These are maybe more important strats for me than most people cos I prefer to play with tech trading turned off most of the time so the science discoveries are vital (on emporer they have been to keep ahead with tech trading off, but getting the early wonders is much harder so I mostly have to forego any real GP strat since they suck unless you go all the way). But even with tech trading allowed as default it's still nice mega-bonus and just plain fun way to play.
 
OK, new analysis. :)

Lets say we have built some Wonders at the capital, that in total generate 4 Great Prophet points, 4 Great Artist points, and 2 Great Engineer points. This seems to be a relatively common distribution in many of my games. Since I'm mainly doing this analysis for my benefit, that's what I'll assume. If you play differently... feel free to do your own analysis! :lol:

So 10 GPP/turn in the Capitol from Wonders that were built for the primary effect of the Wonder, and the GPP was just bonus. Now, let's say we've decided we want two types of Great People more than anything else: Prophets and Engineers. (Just as an example).
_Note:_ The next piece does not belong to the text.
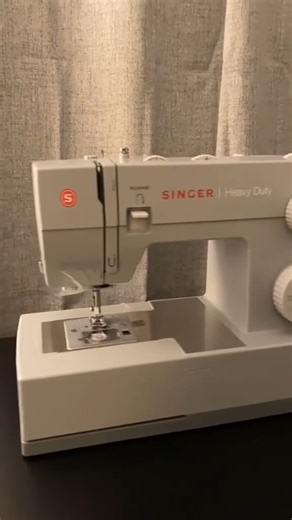 Watch SINGER  4423 Heavy Duty Sewing Machine With Included on Amazon Live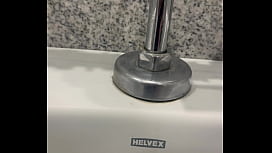 Dirty Bathroom Fun at the Mall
Let's also say we have a secondary city that has also built a Wonder (say, giving 2 Great Merchant points), and that city can support 3 specialists. The capitol can support 3 specialists as well, and the National Epic has been built there. Finally, lets say we have another town which can support 2 specialists but has no Wonders.
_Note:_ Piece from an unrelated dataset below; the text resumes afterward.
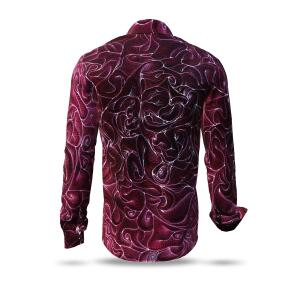 BLUENET - Blue long sleeve shirt - GERMENS artfashion -...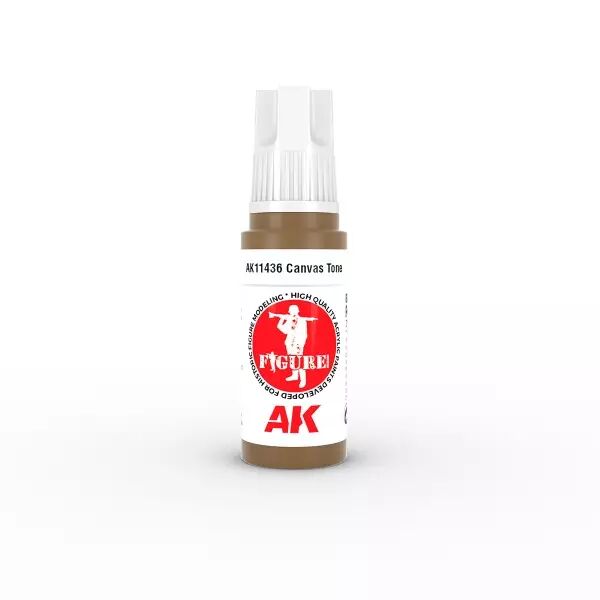 AK Interactive - Acrylics 3GEN Figure Series - Canvas Tone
How do we go about getting the most Prophets and Engineers over the next 200 turns, assuming we've already generated 2 great people so far in the game?

I ran each possible permutation (48 cases), with 1000 Monte Carlo runs each (since the type of Great Person you get is random).


In this scenario, the Capital generates 9 Great People, the secondary city generates 1 Great Person, and the other city is unable to generate any Great People. The secondary city is no slouch, with 1 Wonder and 3 Specialists, generating 11 GPP/turn (2 + 3*3), but this can "only" generate 2200 Great People points in 200 turns. The other city is running 2 Specialists for 6 GPP/turn, but still is unable to generate a Great Person over 200 turns (since it generates 600 in that time, but the requirement reaches 1400).

For getting the most Great Prophets (average of ~6.9), making all Specialists into Priests is the obvious answer. This setup still generates 1 Great Engineer on average.

For getting the most Great Engineers (average of ~6.1), making all Specialists into Engineers is the obvious answer. This setup generates nearly 2 Great Prophets on average.

However, if we look at the sum of Great Engineers and Great Prophets (basically, trying to drown out the Artist and Merchant points from our Wonders), the total variation is small (~0.2). If neither Engineers or Prophets are valued more than the other, the selection of Specialists should be based on their raw benefits, not the GPPs they generate.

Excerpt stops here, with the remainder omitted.